Mr. Lane was criticised by the Defendant for not going back to ascertain precisely what carpets needed to be replaced at the time Mr Hardwick was preparing his report. However, Mr. Lane could not do so since by that time the Hotel had been sold. He had to rely on his numerous previous visits to the Hotel. Mr. Lees also heavily criticized Mr. Lane for reducing the surface area to be recarpeted of the lower ground floor from 340m2 to 30m2 (a reduction of 310m2) but not reducing any of the other communal areas in the schedule. Leaving aside the separate Pavilion, the total communal carpeted surface area came to 659m2. Notably the carpet on the lower ground floor was carpet that Mr. Preston had identified in his report as needing replacement on account of flooding (albeit that he allocated responsibility for that to the Claimant).

112.

Reading between the lines what appears to have happened is that Mr. Lane reduced the total surface area of the common parts to be recarpeted by 310m2 but only allocated the reduction to the lower ground floor. That would explain Mr. Lane’s evidence to the effect that adjustments had been made to the bottom line in the Schedule and then reflected in the subtotal figures. In other words, according to the calculations annexed to Mr. Hardwick’s report the total surface area to be recarpeted for the common parts (Item 1.4) was significantly reduced to take into account the fact that not all the carpets in the common areas needed to be replaced.

113.

Taking the evidence as a whole, I have come to the conclusion that the bedroom carpets were in poor condition and did need replacing and that a substantial reduction to the surface area to be recarpeted of the common parts made by the Claimant properly reflects the fact that whilst a significant amount of carpet was in poor condition, not all the carpets in those areas needed replacing. I therefore accept the Claimant’s revised estimated cost calculations as set out in the Appendix to Mr. Hardwick’s report resulting in a quantum for this Item of £75,233.

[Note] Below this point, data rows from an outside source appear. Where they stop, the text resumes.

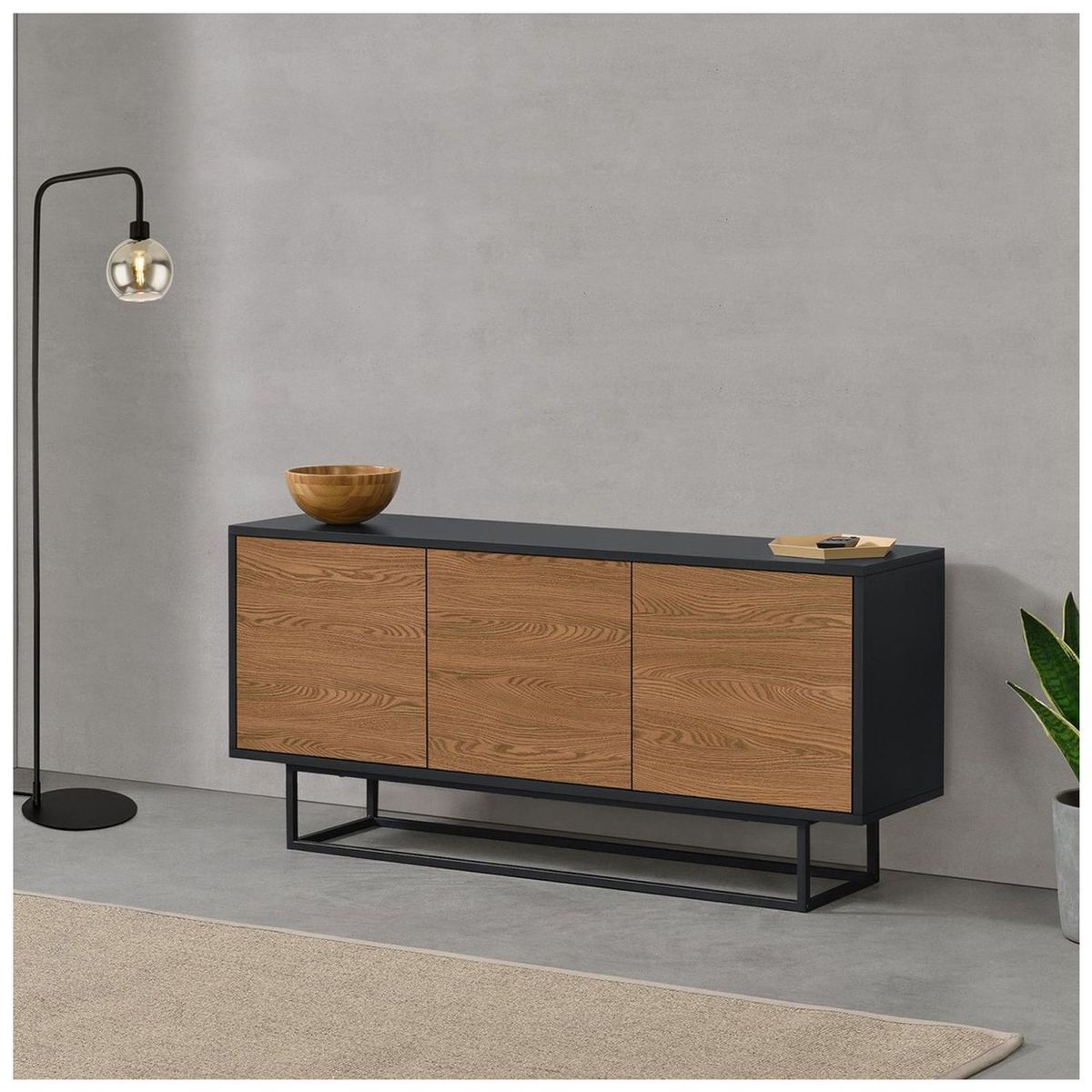 VENTITAS HOME - Mesa de Tv Aparador 50” Cristina Ventitas Home Espresso y Negro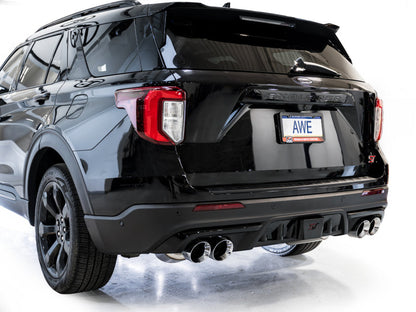 AWE Tuning 20-25 (Only Certain 2026 Models) Ford Explorer ST Touring Ed. Exhaust w/Chrome Silv Tips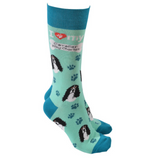 Dog Society Socks Cavalier King Charles Mint Green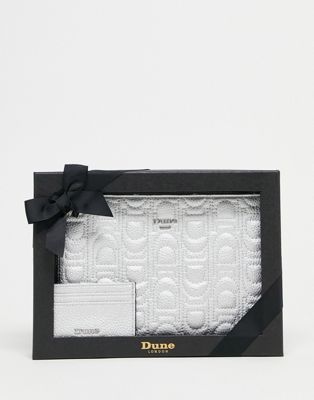 Dune pouch and card holder gift set in silver - ASOS Price Checker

Replacement furniture (Item 1.15) (£88,376)

114.

Here too the Claimant relied on clause 2(6) of the Lease submitting that a proportion of the furniture was not fit for use in a high class hotel. At paragraph 5.7.2 of his report Mr. Lane explained that:

The bedroom furniture items including bedroom and dressing tables, chairs although largely original had been poorly maintained with chipped and scratched laminate finishes, poorly applied lacquer and stained furniture with drips and tarnished and scratched metal knobs and pull handles”.

115.

Photographs of certain items of furniture show items in poor condition. There are photographs of peeling veneers, dripping lacquer, scratched furniture, discoloration and generally worn and otherwise damaged items of furniture. I agree with the Claimant that furniture in that condition was not fit for use in a four star (or high class) hotel. That the furniture had not been well maintained was further supported by the absence of any allowance in the Defendant’s accounts for FFE from 2014 onwards.

116.

At Item 1.15 of the Scott Schedule Mr. Lane set out his estimate of the costs of replacing the furniture, fixtures and equipment in the bedrooms. The costs were for:

Replace worn or damaged or missing FF&E within bedrooms including curtain shears (no proof of fire resistance) desk chair, armchairs, lights shades new artwork due to fading, wooden furniture to be French polished. Brasswear scratched, tarnished or UVC

117.

The specific items include allowances for curtain sheers (I have assumed that “shears” is a typographical error), the overhaul of the furniture, re-upholstering tub chairs, desk chairs, artwork, light fittings and electrician costs totaling £88,376.

118.

In evidence, Mr. Lane estimated that 30 to 35% of the bedroom furniture was not fit for use in a high class hotel. In light of Mr. Lane’s evidence, the Claimant has reduced its claim in respect of replacement furniture from £88,376 to £30,931.60 being 35% of the £88,376 figure. The Defendant sought again to rely on the Ruxley principle but once more it is difficult to see how the cost of replacing furniture that was not fit for use in a high class hotel could be said to be totally disproportionate to the benefit of having furniture in good condition.

119.

I accept Mr. Lane’s evidence as to the condition of the bedroom furniture and proportion of items that were not fit for use. However, the costings include items such as the curtain sheers which were not specifically addressed or explained. I have therefore made a deduction for the sum of £27,000 in respect of curtain sheers. Further erring on the side of caution, I consider that not more than 30% of the cost of the balance of the items (furniture and light fittings) is reasonable making the reasonable cost figure £18,413.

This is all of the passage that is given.